Error converting DOCX to HTML using Aspose.words Java

Hi,

Greetings.

We use Aspose.words Java to convert docx file to html.

When we try to convert this docx file to html, we were not able to convert and getting an error.
image.png (2.5 KB)

Please suggest ways we can mitigate this and let us know your valuable suggestions to resolve this issue.

Please use the attached docx file.
testFile.docx (48.6 KB)

@EdwinPearson,

After an initial test with the licensed latest (21.9) version of Aspose.Words for Java, we were unable to reproduce this problem on our end (see Aspose.Words 21.9 generated output: awjava-21.9.zip (8.0 KB)).

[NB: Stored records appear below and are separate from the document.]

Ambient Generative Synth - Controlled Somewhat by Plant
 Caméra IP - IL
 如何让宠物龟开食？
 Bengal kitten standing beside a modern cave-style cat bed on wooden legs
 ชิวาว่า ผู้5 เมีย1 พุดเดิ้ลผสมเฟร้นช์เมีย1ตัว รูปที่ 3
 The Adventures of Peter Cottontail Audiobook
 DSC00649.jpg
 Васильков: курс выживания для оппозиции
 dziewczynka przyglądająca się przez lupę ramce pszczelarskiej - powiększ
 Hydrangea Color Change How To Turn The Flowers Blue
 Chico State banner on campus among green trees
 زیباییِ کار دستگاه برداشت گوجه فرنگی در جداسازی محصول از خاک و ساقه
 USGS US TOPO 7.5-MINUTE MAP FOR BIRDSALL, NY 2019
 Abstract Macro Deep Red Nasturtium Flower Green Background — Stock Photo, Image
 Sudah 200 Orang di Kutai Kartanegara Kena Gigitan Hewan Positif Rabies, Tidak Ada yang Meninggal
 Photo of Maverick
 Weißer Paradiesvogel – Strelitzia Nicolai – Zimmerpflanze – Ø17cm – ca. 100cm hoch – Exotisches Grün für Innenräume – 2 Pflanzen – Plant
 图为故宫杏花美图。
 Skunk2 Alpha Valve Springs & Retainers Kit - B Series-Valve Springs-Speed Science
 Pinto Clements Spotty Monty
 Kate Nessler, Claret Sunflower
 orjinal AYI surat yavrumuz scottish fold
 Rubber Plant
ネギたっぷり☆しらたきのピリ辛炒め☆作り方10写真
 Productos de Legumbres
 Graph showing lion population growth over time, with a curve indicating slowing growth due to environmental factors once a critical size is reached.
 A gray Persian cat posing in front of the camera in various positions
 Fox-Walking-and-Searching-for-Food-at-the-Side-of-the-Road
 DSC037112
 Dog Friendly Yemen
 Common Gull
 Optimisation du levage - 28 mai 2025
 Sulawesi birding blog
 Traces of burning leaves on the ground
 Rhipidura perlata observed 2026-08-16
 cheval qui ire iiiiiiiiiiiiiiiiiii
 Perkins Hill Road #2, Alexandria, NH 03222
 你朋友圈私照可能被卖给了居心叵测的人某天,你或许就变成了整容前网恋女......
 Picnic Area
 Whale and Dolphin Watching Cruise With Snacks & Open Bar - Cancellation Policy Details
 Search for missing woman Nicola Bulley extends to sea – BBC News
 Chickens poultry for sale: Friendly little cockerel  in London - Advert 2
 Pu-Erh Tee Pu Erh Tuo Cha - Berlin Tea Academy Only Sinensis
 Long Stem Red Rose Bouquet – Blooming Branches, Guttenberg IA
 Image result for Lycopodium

So, we suggest you to please upgrade to the latest (21.9) version of Aspose.Words for Java.

Sir,

We upgraded to Aspose.Words for Java 21.9 and still we are getting the error “addition of a duplicate key to a dictionary” when we call the code below:

Blockquote
final Document document = new Document(file.getInputStream());
document.acceptAllRevisions();
//Get page count
document.updatePageLayout();
int pageCount = document.getPageCount();
// remove paragraphs with zero line spacing
for (Paragraph paragraph : document.getFirstSection().getBody().getParagraphs())
if (paragraph.getParagraphFormat().getLineSpacing() == 0)
paragraph.remove();
final HtmlSaveOptions options = new HtmlSaveOptions(HTML);
options.setExportFontsAsBase64(true);
options.setExportImagesAsBase64(true);
options.setPrettyFormat(true);
options.setScaleImageToShapeSize(true);
options.setExportPageSetup(true);
document.save(String.valueOf(targetLocation), options);
document.cleanup();

Please share your valuable suggestions to resolve this issue.

Best Regards
Moses

@mosesm1,

Thanks for providing the code. We have logged this problem in our issue tracking system. The ID of this issue is WORDSNET-22810. We will further look into the details of this problem and will keep you updated here on the status of correction. We apologize for your inconvenience.

1 Like

@mosesm1,

Regarding WORDSNET-22810, it is to inform you that we have completed the analysis of this issue and found the bug in HTML module of Aspose.Words. The HTML writer uses information from the page layout engine; but, since the code modifies the document, the page layout gets expired. As a workaround, you can update the page layout once again by invoking Document.UpdatePageLayout() method just before saving the document. We will inform you via this thread as soon as this issue will get resolved in future.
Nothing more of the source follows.